Gracefully handling DDL statements that mix TEMPORARY and persistent targets. We can do this ok for DROPs but it still requires care. Anything else gets messier.
Lack of hooks into table rewrite operations and the extremely clumsy and inefficient way logical decoding currently exposes decoding of the temp-table data during decoding of rewrites means handling table-rewriting DDL is difficult and impractical to do correctly. In pglogical we punt on it entirely and refuse to permit DDL that would rewrite a table except where we can prove it's reliant only on immutable inputs so we can discard the upstream rewrite and rely on statement replication.
As a consequence of the above, reliably determining whether a given statement will cause a table rewrite.
Handling re-entrant ProcessUtility_hook calls for ALTER TABLE etc.
Handling TRUNCATE's pseudo-DDL pseudo-DML halfway state, doing something sensible for truncate cascade.
Probably more I've forgotten

If we don't handle these, then any logical change-log archives will become largely useless as soon as there's any schema change.

So we kind of have to solve DDL replication first IMO.

Some consideration is also required for metadata management. Right now relation and type metadata has session-lifetime, but you'd want to be able to discard old logical change-stream archives and have the later ones still be usable. So we'd need to define some kind of restartpoint where we repeat the metadata, or we'd have to support externalizing the metadata so it can be retained when the main change archives get aged out.

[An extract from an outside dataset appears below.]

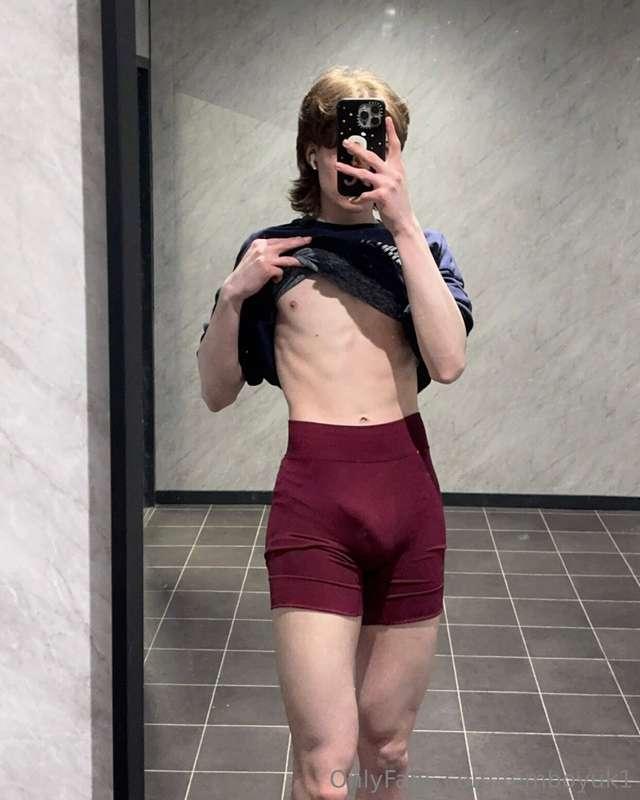 POV: Your gym crush has a surprise for you 😌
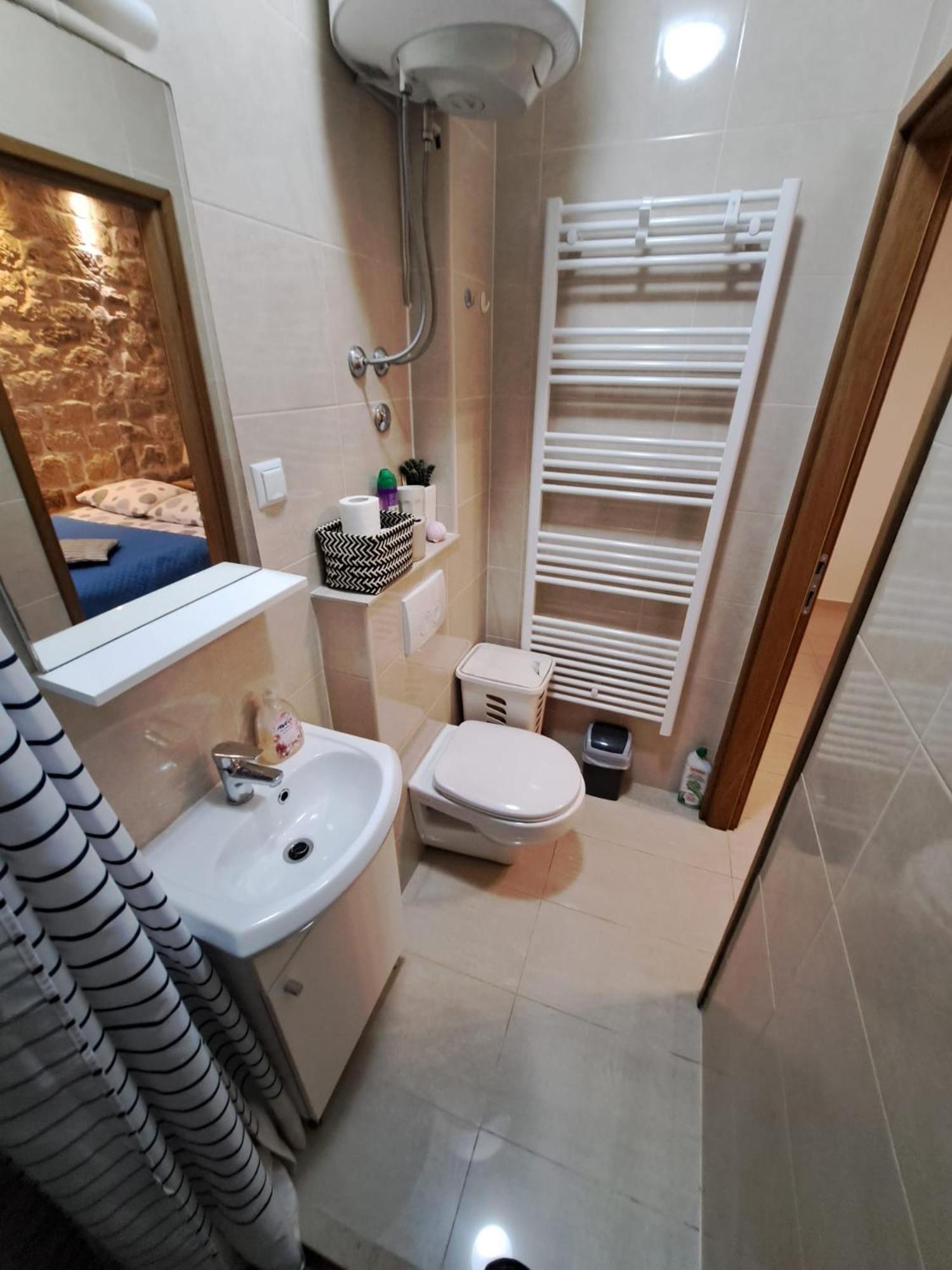 Studio Apartment Legcevic Kaštela Extérieur photo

We'd also need to separate the existing apply worker into a "receiver" and "apply/writer" part, so the wire-protocol handling isn't tightly coupled with the actual change apply code, in order to make it possible to actually consume those archives and apply them to the database. In pglogical3 we did that by splitting them into two processes, connected by a shm_mq. Originally the process split was optional and you could run a combined receiver/writer process without the shm_mq if you wanted, but we quickly found it difficult to reliably handle locking issues etc that way so the writers all moved out-of-process.

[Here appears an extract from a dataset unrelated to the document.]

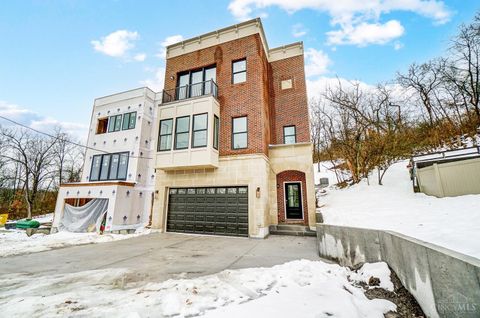 Photo of 621 W Loveland Avenue, Loveland, OH 45140 (MLS # 1816743)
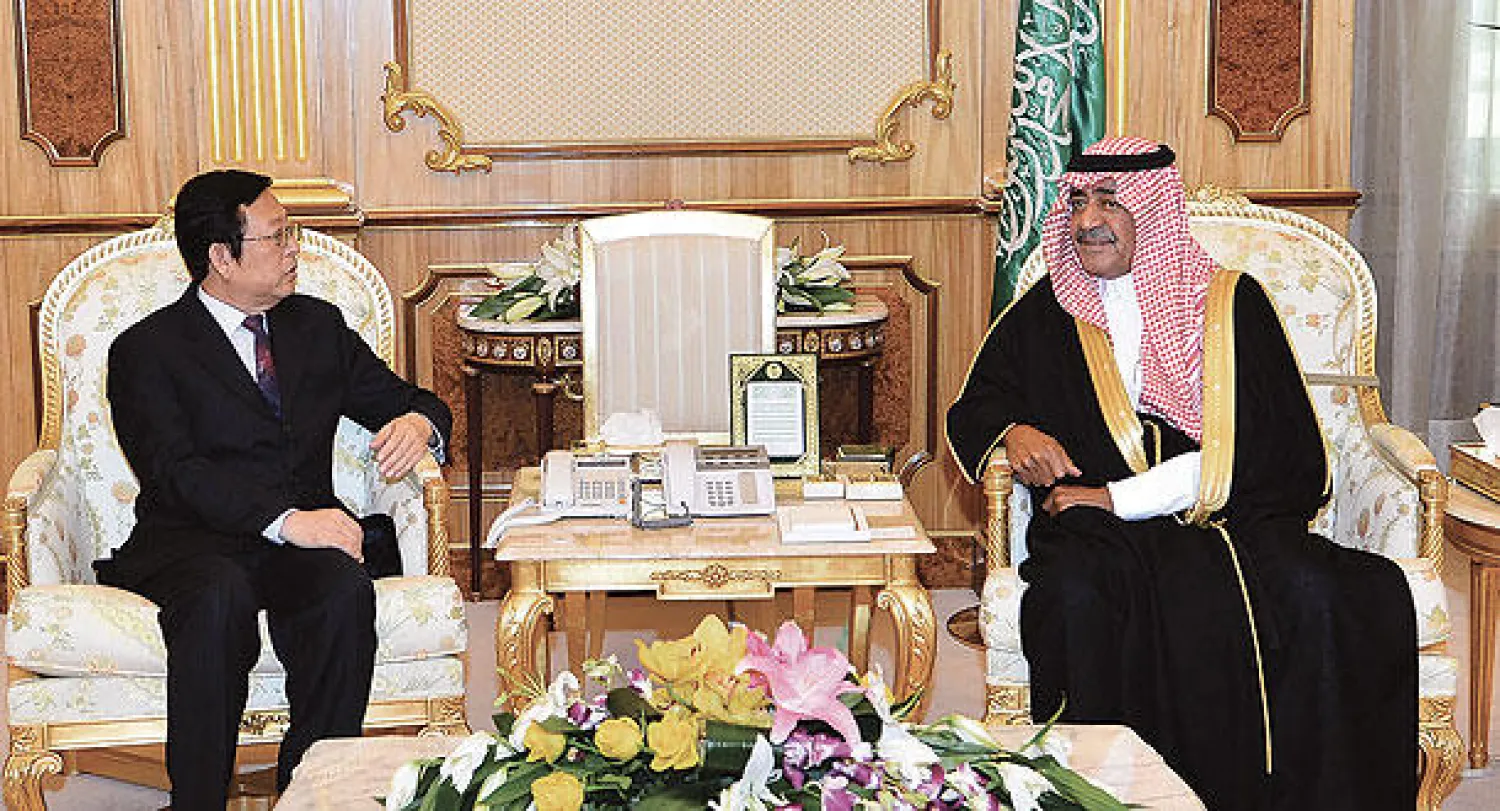 النائب الثاني خلال استقباله سفير الصين الشعبية لدى السعودية في قصر اليمامة أمس (واس)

That was done mainly to make it possible to support parallelism in logical decoding apply. But we also have the intention of supporting an alternative reader process that can ingest "logical archives" and send them to the writer to apply them, as if they'd been received from the on-wire stream. That's not implemented at this time though. It'd be useful for a number of things:

* PITR-style logical replay and recovery

* Ability to pre-decode a txn once on the upstream then send the buffered protocol-stream to multiple subscribers, saving on logical decoding and reorder buffering overheads and write-multiplication costs

* ability to ingest change-streams generated by non-postgres sources so we could support streaming foreign-data ingestion, streaming OLAP and data warehousing, etc

To make logical PITR more useful we'd also want to be a bit more tolerant of schema divergence, though that's not overly hard to do:

fill defaults for downstream columns if no value is present for the column in the upstream row and the downstream column is nullable or has a default (I think built-in logical rep does this one already)
ignore values for columns in upstream data if the downstream table lacks the column and the upstream value is null
optionally allow apply to be configured to ignore non-null data in upstream columns that're missing on downstream
optionally allow apply to be configured to drop rows on the floor if the downstream table is missing
policies for handling data conflicts like duplicate PKs

and we'd probably want ways to filter the apply data-stream to apply changes for only a subset of tables, rows, etc at least in a later version.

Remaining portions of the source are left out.